L’étude souligne également qu’un centre-ville animé favorise directement la fréquentation. Plus d’un tiers des consommateurs déclarent qu’ils y passeraient davantage de temps, qu’ils reviendraient plus souvent ou qu’ils exploreraient un plus grand nombre de boutiques. Chez les 18-24 ans, cette dynamique est encore plus forte, confirmant l’importance croissante de la dimension sociale du commerce physique.
Si le prix demeure le premier facteur de visite et de fidélisation, les attentes des consommateurs ne se limitent plus aux promotions. La qualité et l’originalité des produits, la découverte de nouvelles références, l’atmosphère du magasin ou encore la relation avec les commerçants apparaissent comme des critères de plus en plus importants. Plus de la moitié des Français se déclarent ainsi davantage enclins à fréquenter des commerces qui leur donnent envie de s’attarder.
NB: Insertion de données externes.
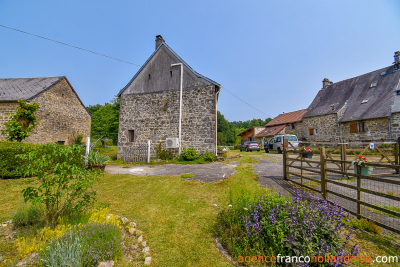 Charmant, au calme et prêt pour vous
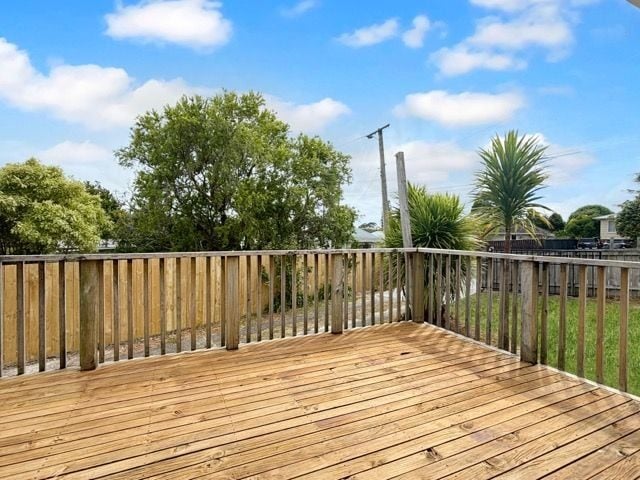 5 Simpson Road, Ranui, Auckland - Carousel 26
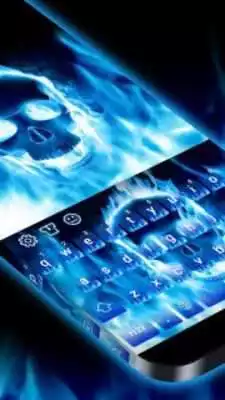 Play Blue Flaming Skull Keyboard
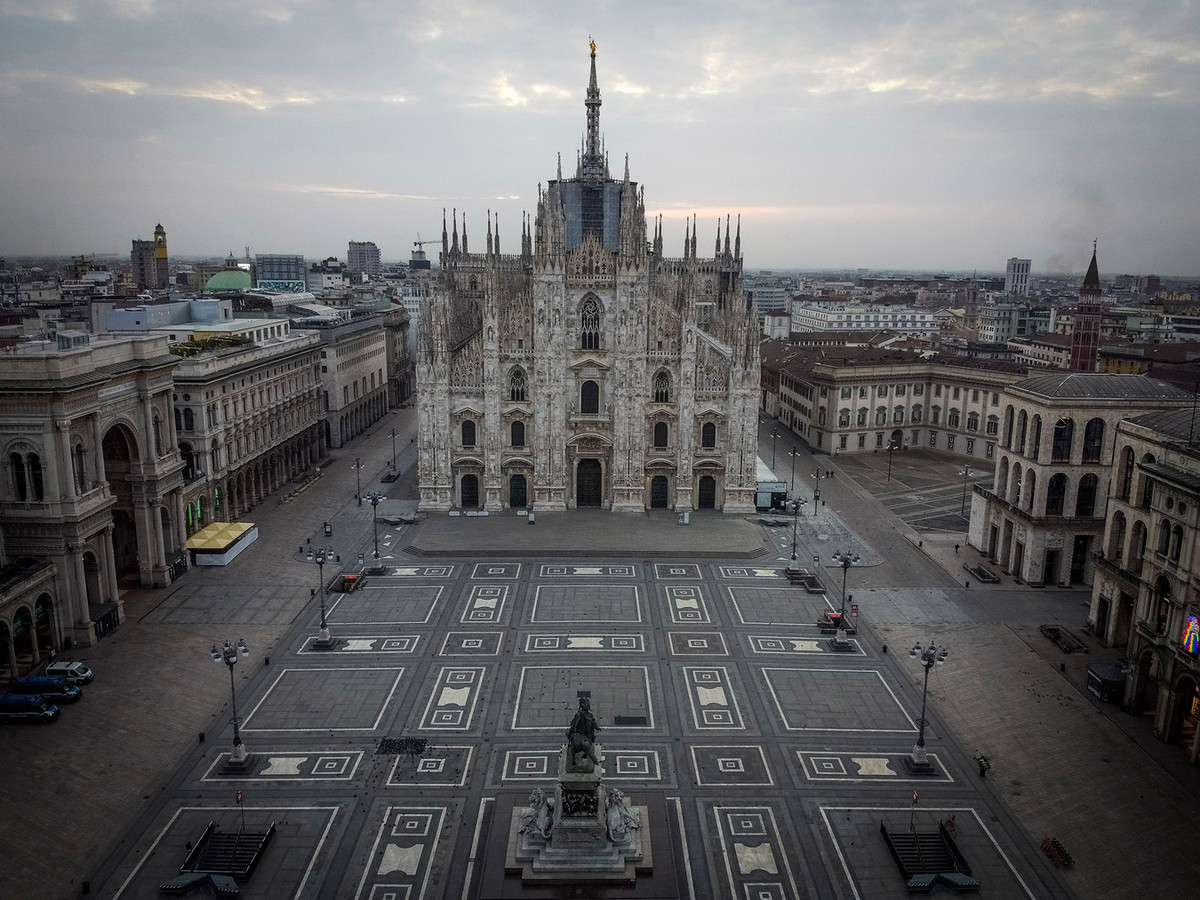 Nằm trên quảng trường chính của thành phố Milan, Italia, nhà thờ Duomo di Milano là một công trình có quy mô đặc biệt lớn và thiết kế phức tạp. Đây cũng là một trong những nhà thờ Gothic lớn nhất trên thế giới. Việc xây dựng nhà thờ bắt đầu vào năm 1386 và phải mất năm thế kỷ để công trình chính thức hoàn thành. Ảnh: Bloomberg.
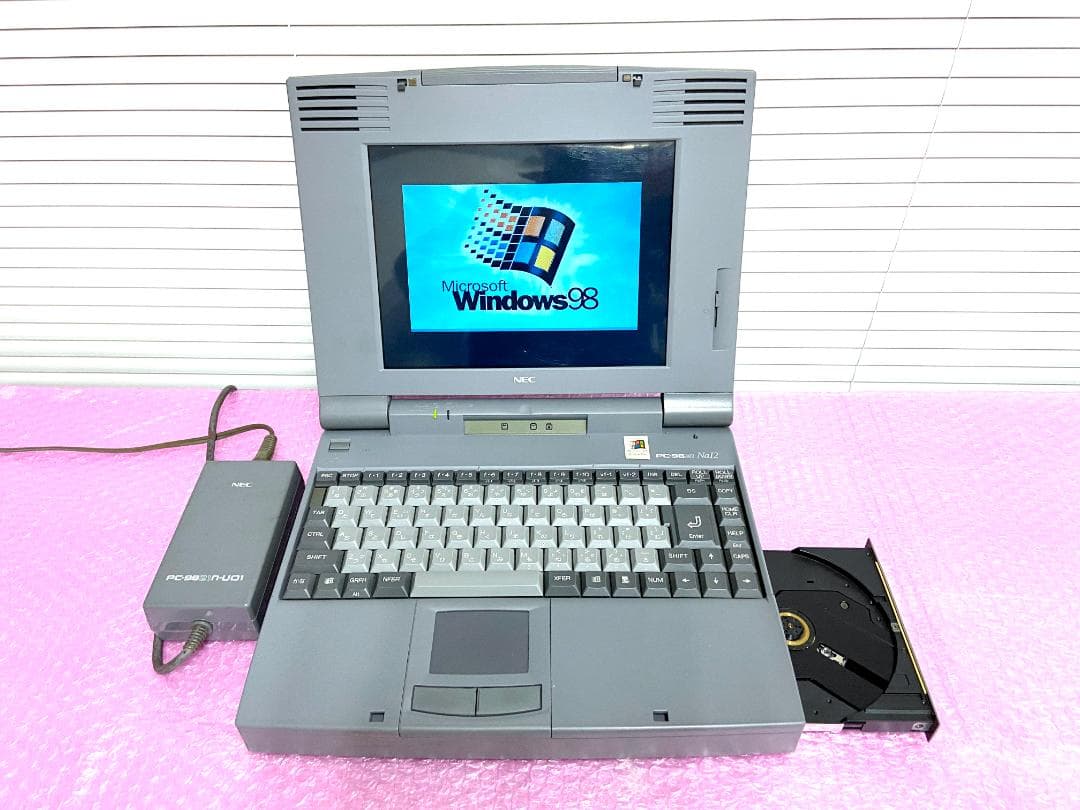 【動作OK】NEC PC-9821Na12/H8(Win98SE)画面きれいです 98NOTE Lavie PC-9821Na12/H8 NEC | インバースネット株式会社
Cette évolution bénéficie particulièrement aux commerces indépendants, dont la capacité à proposer des assortiments différenciants et un accompagnement personnalisé constitue un avantage concurrentiel. « Les clients ne viennent pas seulement acheter un produit : ils viennent chercher un service de proximité qui défriche pour eux les tendances, déniche de nouvelles marques et crée de vraies opportunités d’échanges et de conseils personnalisés », souligne Sylvie Lavarenne, gérante d’Inspiration Concept Store à Lyon.
Les jeunes générations contribuent également à redéfinir le rôle du commerce physique. Plus d’un jeune de 18 à 24 ans sur deux considère les magasins comme des lieux de sociabilité où retrouver des amis, tandis qu’une majorité d’entre eux souhaiterait disposer davantage d’espaces permettant de passer du temps et de prolonger l’expérience au-delà de l’achat.
Pour autant, plusieurs freins persistent. L’accessibilité, qu’il s’agisse du stationnement ou des transports, reste le principal obstacle à une fréquentation plus régulière des centres-villes, devant les prix jugés élevés. Ces résultats rappellent que la revitalisation commerciale repose autant sur l’offre proposée par les commerçants que sur la qualité de l’environnement urbain.
« Le prix reste un repère essentiel pour les consommateurs, mais ce n’est pas lui seul qui crée l’attachement à un commerce. Ce qui donne envie de revenir, c’est aussi la découverte, la qualité de la sélection et la relation avec celles et ceux qui font vivre le magasin », observe Olivier Buffon, vice-président et directeur du développement international de Faire. Pour la plateforme, les commerces indépendants demeurent ainsi des acteurs clés pour recréer du lien social et renforcer l’identité des centres-villes.